*** Data for review ***
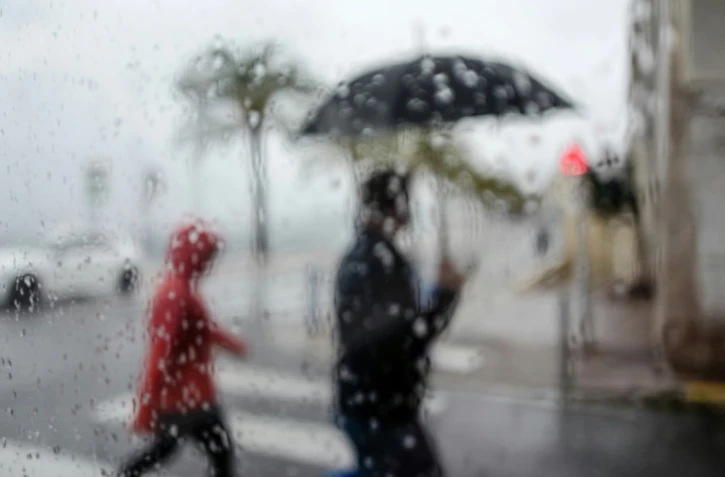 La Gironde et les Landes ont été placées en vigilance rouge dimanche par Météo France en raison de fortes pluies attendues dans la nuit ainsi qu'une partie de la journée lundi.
***
*** Data for review ***
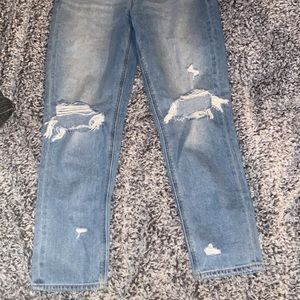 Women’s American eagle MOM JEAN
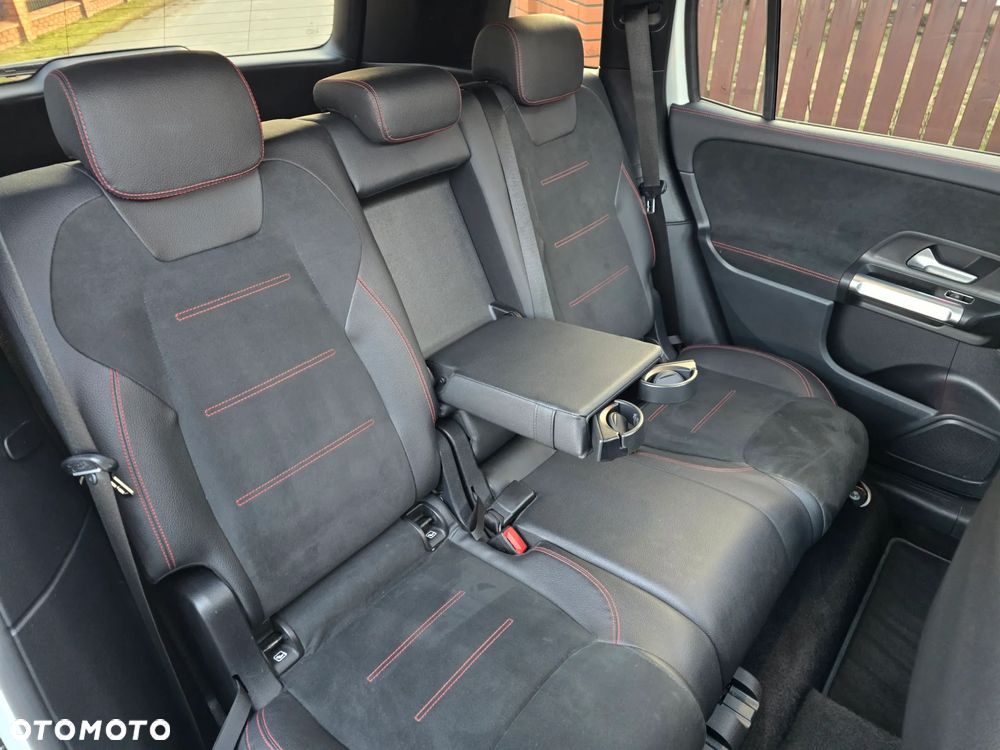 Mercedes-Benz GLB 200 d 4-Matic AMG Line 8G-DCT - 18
***
### Exercise objective
Nothing outside the stretch above, from the line with "Women’s American eagle MOM JEAN" through the line with "Mercedes-Benz GLB 200", is set down. Transcribe that stretch exactly, ends included, but not its pictures.

### Output for this task
 Women’s American eagle MOM JEAN
 Mercedes-Benz GLB 200 d 4-Matic AMG Line 8G-DCT - 18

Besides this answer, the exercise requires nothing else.